In an era of retail giants and gourmet groceries, Baltimore's markets still are the place to meet and eat.


Bill Blueford may be the oldest fixture in Cross Street Market.

When it reopened two weeks ago after a $1.3 million renovation, the market in Federal Hill looked like a spit-polished shoe. There were new floors, a new brick facade, decorative shutters and improved lighting.

Amid the glow of this promising urban renewal was Blueford, 89, sitting in Big Jim's Deli, enjoying a cup of coffee. Watching old friends and new urbanites filter through the market over the lip of his Styrofoam cup, Blueford symbolizes the story of Baltimore's markets, a story of tradition meeting technology and history competing with convenience.

Blueford comes to the market most mornings from his condominium at Harbor Court to meet people and socialize with the stall holders. The South Baltimore native has been coming to the market almost every day for the last 50 years.
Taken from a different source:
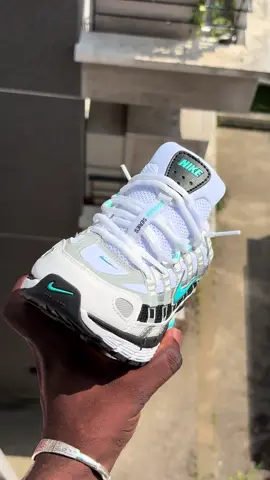 Nike P-6000 Blanc/Bleu ✈️, taille 38 et 42. Vinted : @worldoutlet #rentree #pourtoi #sneakers #tendance #nike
"It's part of me, you might say, because I've lived here my whole life," he says. "Of course, today things have changed. The ladies used to come down on Saturday to do their shopping. Now I guess their children take them to the outlying areas to the supermarkets that didn't exist back then."
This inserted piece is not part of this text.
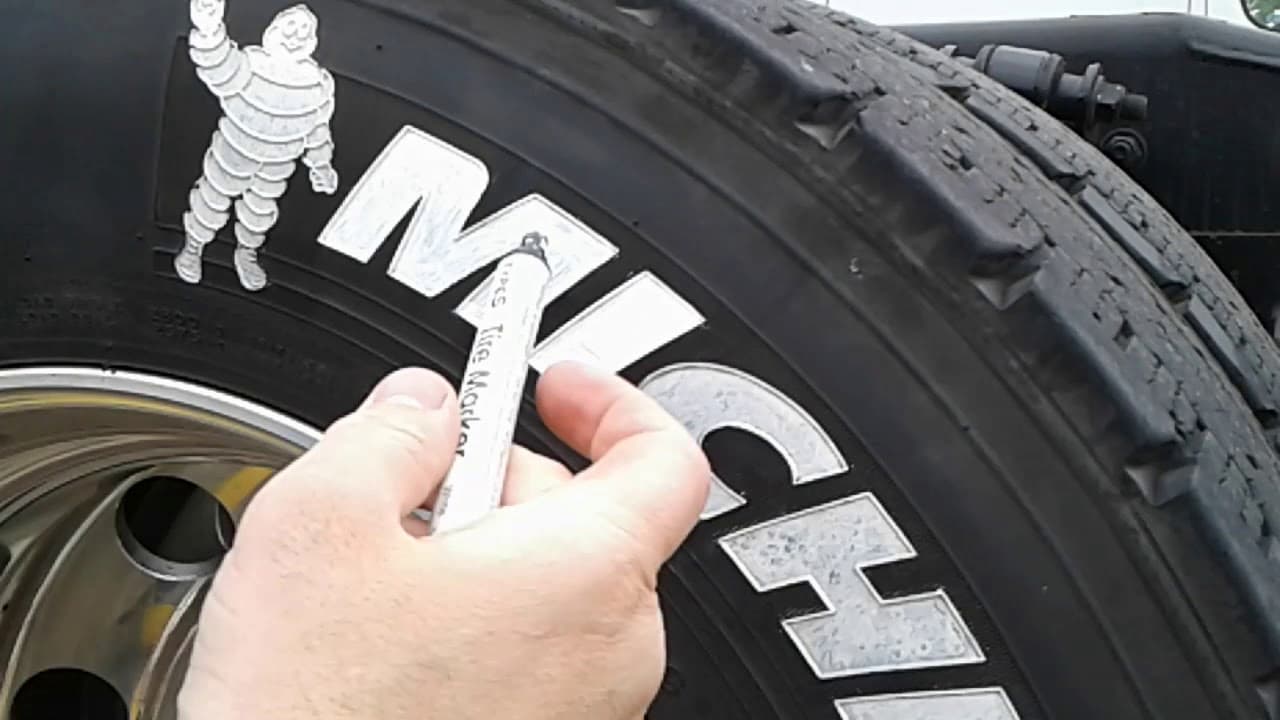 pintar las letras y números del neumático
In an era when big-box chains are gobbling up small businesses like so many minnows, Baltimore's markets are one of the last bastions of family enterprise. Some market tenants have been in business for generations. At Lexington Market, there's Faidley's Seafood, founded in 1886 and still serving phenomenal crab cakes, and Mary Mervis Delicatessen, which has been providing hefty corned-beef sandwiches since 1913. Nunnally Brothers Choice Meats, one of the 23 vendors at Cross Street Market, has been in business for 130 years.

Tommy Chagouris grew up in the market system. His father, Nick, began Nick's Inner Harbor Seafood in Cross Street Market in 1971, yet the family's history with hucksters stretches further back.

Chagouris has grown Nick's into a mini empire, but there's still a picture hanging behind the counter of the family's first fish stall at Lexington Market, taken in the 1930s when Chagouris' grandparents arrived here from Greece. "To say I love the market is putting it mildly," says Chagouris. "When it gets in your blood, you can't shake it."

Baltimore's markets survive, or most of them have, and remain what they were at the beginning - a hub of community life. Whether they can survive in the new century may depend on what they've learned from their history, one interlaced with the stories of immigrant communities.

Baltimore boasts the oldest continually operating public market system in the United States. The city built its first market at Gay and Baltimore streets in 1763, with funds collected from a public lottery. By 1773 the markets were a regulated business.

The first markets were built near Baltimore's population centers and commerce activities. Broadway Market in Fells Point was established in 1784 to support the bustling waterfront community. Lexington Market was established on the west side in 1783 as a simple farmers' market. At its apex, the city market system featured 11 markets, each serving a segment of the city and catering to that population.

"They were the forerunners of supermarkets where people bought produce, meat, fish, you name it," says Erik Gordon, a professor of marketing at the Johns Hopkins University's Graduate Division of Business and Management. "Like a supermarket, it was a convenience for urban buyers in the same way a shopping center is for suburban buyers. It's a place where you can go to one place, walk around generally inside or at least under something covered, and pick up most of what you need, at least in the early days, for a couple of days' worth of eating at home."

The markets were always a microcosm of the neighborhoods they served, says Casper Genco, executive director of Lexington Market Inc. and the Baltimore Public Markets Corp., which oversees the city's markets. "The public market system has always been an immigrant market system with small entrepreneurs coming in and opening businesses in a public market forum," he says.

Genco says that when Lexington Market opened, its businesses catered to mostly European immigrants arriving from countries such as Germany, Poland and Italy. Although many of those businesses are still in the market today, often run by descendants of the original stall holder, they share space with a new wave of immigrants.

"The markets are constantly going through an evolutionary process where they change and adapt to serve the neighborhood," says Genco. "Now, if you look at some of the markets, they have a significant number of Asians in them. It's always been a system whereby small businesses and entrepreneurs have come and developed their trade and successfully maintained a business while raising a family."